- Founded: December 2, 1919; 106 years ago Chicago, Illinois
- Type: Professional and Social
- Affiliation: Independent
- Status: Active
- Emphasis: Animal husbandry
- Scope: National
- Colors: Royal Purple and Navy Blue
- Symbol: Meat block and cleaver, bridle
- Flower: Lilac
- Chapters: 99
- Headquarters: Janeal Yancey, PhD (editor) University of Arkansas 1120 West Maple AFLS B121 Fayetteville, Arkansas 72701 United States
- Website: www.blockandbridle.org

= Block and Bridle =

Animal husbandry fraternity

Block and Bridle is a professional fraternity in the field of animal husbandry. It was founded on December 2, 1919, in Chicago, Illinois by the animal husbandry clubs from Iowa State University, University of Kansas, University of Missouri and University of Nebraska. As of 2019, Block and Bridle has 99 active chapters.

==History==
The National Block and Bridle Club was founded on December 2, 1919 in Chicago, Illinois by the animal husbandry clubs from Iowa State University, the University of Kansas, the University of Missouri, and the University of Nebraska. It was created as a professional fraternity in the field of animal husbandry.

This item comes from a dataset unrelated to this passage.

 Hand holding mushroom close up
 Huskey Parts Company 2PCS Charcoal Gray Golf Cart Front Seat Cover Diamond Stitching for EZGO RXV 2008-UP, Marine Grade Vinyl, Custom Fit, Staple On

Its founders wanted to "promote a higher scholastic standard among students of animal husbandry, especially all phases of student animal husbandry work in colleges and universities; and to bring about a closer relationship between students, faculty, and others engaged in animal husbandry."

As of 2019, Block and Bridle has 99 active chapters.

==Symbols==
The badge of Block and Bridle is a large letter "B" with a meat block and cleaver inside the upper half and a bridle inside the lower half. The curves in the "B' represent social pleasure. The straight line of the "B" symbolizes character, sincerity, and a moral life. The block and cleaver symbolize the material aspects of the animal husbandry profession. The bridle symbolizes control of behavior and the effort to show respect for others and for the way livestock are treated.

The society's colors are royal purple and navy blue. Its flower is the lilac.

==Chapters==

As of 2019, Block and Bridle has 99 active chapters.